Collected material ▸
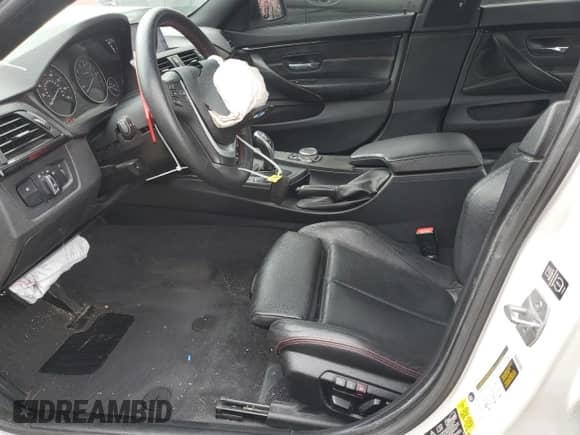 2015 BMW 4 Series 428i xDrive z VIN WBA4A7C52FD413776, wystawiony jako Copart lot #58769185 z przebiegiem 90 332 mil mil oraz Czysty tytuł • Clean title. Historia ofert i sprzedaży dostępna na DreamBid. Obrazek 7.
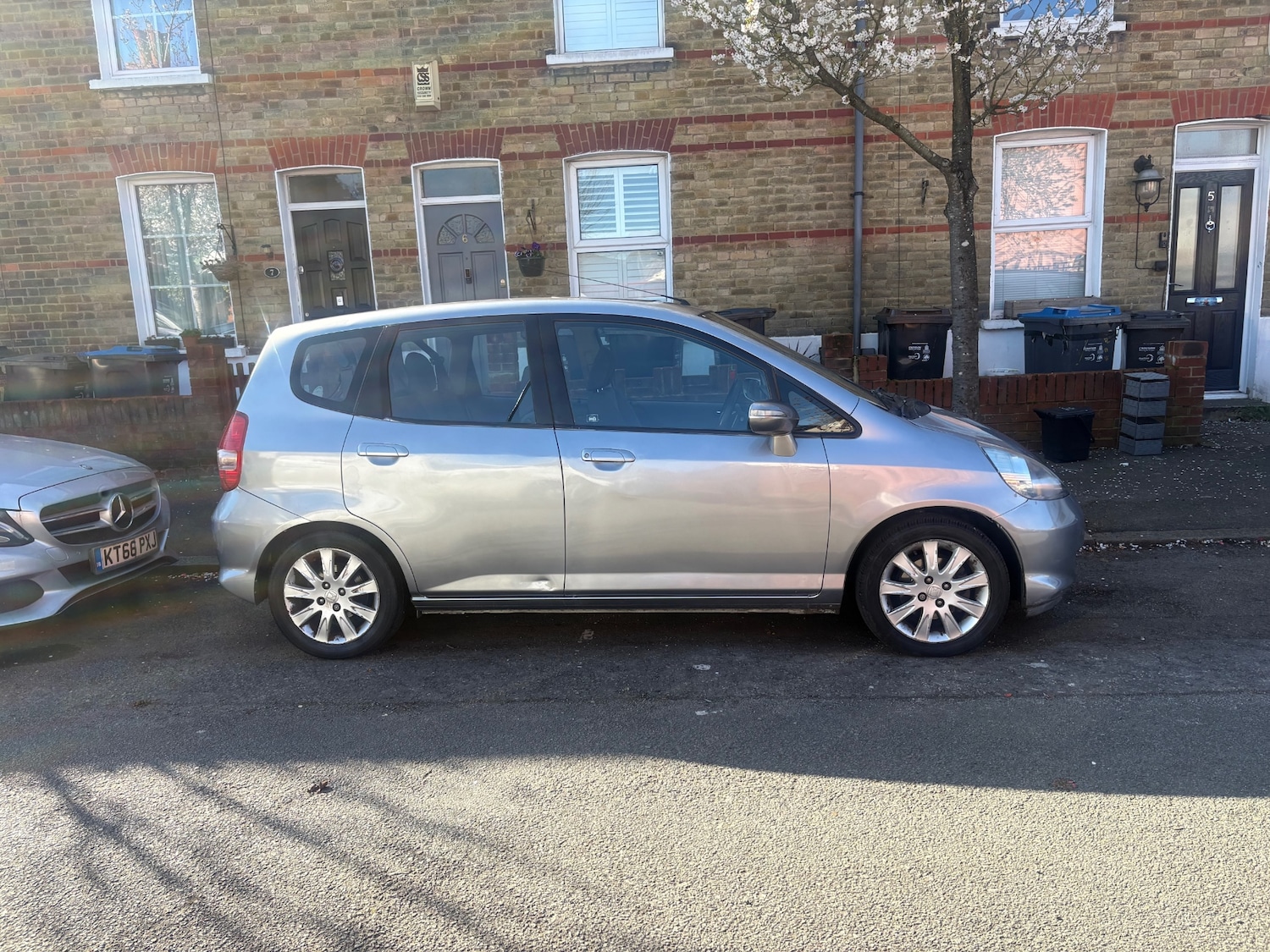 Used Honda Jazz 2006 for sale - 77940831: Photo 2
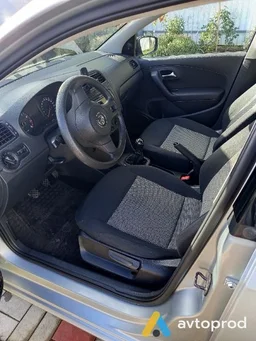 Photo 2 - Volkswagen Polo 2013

Directions ▸
The data above must be reproduced exactly, without any of its pictures.

Answer space ▸
 2015 BMW 4 Series 428i xDrive z VIN WBA4A7C52FD413776, wystawiony jako Copart lot #58769185 z przebiegiem 90 332 mil mil oraz Czysty tytuł • Clean title. Historia ofert i sprzedaży dostępna na DreamBid. Obrazek 7.
 Used Honda Jazz 2006 for sale - 77940831: Photo 2
 Photo 2 - Volkswagen Polo 2013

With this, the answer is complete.